NeuralNovel/Confinus-2x7B AWQ

image/jpeg

Model Summary

In the boundless sands ..

A model to test how MoE will route without square expansion.

"What is a Mixture of Experts (MoE)?"

The scale of a model is one of the most important axes for better model quality. Given a fixed computing budget, training a larger model for fewer steps is better than training a smaller model for more steps.

Mixture of Experts enable models to be pretrained with far less compute, which means you can dramatically scale up the model or dataset size with the same compute budget as a dense model. In particular, a MoE model should achieve the same quality as its dense counterpart much faster during pretraining.

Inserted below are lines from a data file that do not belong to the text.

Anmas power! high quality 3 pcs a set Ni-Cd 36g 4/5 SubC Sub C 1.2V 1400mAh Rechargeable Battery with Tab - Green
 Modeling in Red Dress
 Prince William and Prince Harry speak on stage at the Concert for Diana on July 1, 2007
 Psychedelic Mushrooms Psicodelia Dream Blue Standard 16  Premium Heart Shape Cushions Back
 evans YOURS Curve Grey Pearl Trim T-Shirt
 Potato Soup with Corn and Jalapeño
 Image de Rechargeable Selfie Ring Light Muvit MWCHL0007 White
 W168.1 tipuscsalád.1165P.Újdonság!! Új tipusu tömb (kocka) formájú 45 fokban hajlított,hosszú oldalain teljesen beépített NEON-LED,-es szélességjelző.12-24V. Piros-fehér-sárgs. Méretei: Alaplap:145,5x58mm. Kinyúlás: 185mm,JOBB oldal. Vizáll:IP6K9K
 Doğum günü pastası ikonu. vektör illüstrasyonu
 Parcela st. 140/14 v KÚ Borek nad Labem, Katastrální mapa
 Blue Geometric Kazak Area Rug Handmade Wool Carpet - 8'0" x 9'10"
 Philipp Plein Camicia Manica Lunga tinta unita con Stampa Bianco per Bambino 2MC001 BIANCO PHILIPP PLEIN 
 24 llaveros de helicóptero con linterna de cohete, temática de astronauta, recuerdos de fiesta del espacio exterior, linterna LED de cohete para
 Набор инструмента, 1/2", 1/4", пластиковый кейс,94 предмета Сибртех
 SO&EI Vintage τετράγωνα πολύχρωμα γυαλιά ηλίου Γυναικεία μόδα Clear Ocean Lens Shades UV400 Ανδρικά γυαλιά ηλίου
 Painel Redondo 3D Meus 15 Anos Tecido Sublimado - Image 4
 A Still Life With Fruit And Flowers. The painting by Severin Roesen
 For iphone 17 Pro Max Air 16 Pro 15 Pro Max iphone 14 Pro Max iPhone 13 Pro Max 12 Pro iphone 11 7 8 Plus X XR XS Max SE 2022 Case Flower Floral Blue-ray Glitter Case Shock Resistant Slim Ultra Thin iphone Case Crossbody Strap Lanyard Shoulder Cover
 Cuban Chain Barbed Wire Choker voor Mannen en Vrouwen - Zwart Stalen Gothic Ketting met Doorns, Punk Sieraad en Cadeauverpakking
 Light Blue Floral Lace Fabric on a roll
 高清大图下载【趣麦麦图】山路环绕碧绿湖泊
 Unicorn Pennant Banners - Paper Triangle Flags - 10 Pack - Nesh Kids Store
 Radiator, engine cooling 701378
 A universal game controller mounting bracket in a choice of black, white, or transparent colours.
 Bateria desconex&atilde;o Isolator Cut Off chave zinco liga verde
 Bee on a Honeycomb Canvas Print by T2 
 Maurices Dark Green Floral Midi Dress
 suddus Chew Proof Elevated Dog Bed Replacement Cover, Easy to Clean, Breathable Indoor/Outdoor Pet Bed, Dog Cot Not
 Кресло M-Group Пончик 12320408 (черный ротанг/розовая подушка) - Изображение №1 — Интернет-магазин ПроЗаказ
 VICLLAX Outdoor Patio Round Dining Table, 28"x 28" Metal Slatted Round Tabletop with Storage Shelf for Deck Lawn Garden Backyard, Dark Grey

So, what exactly is a MoE? In the context of transformer models, a MoE consists of two main elements:

Sparse MoE layers are used instead of dense feed-forward network (FFN) layers. MoE layers have a certain number of “experts” (e.g. 32 in my "frankenMoE"), where each expert is a neural network. In practice, the experts are FFNs, but they can also be more complex networks or even a MoE itself, leading to hierarchical MoEs!

A gate network or router, that determines which tokens are sent to which expert. For example, in the image below, the token “More” is sent to the second expert, and the token "Parameters” is sent to the first network. As we’ll explore later, we can send a token to more than one expert. How to route a token to an expert is one of the big decisions when working with MoEs - the router is composed of learned parameters and is pretrained at the same time as the rest of the network.

At every layer, for every token, a router network chooses two of these groups (the “experts”) to process the token and combine their output additively.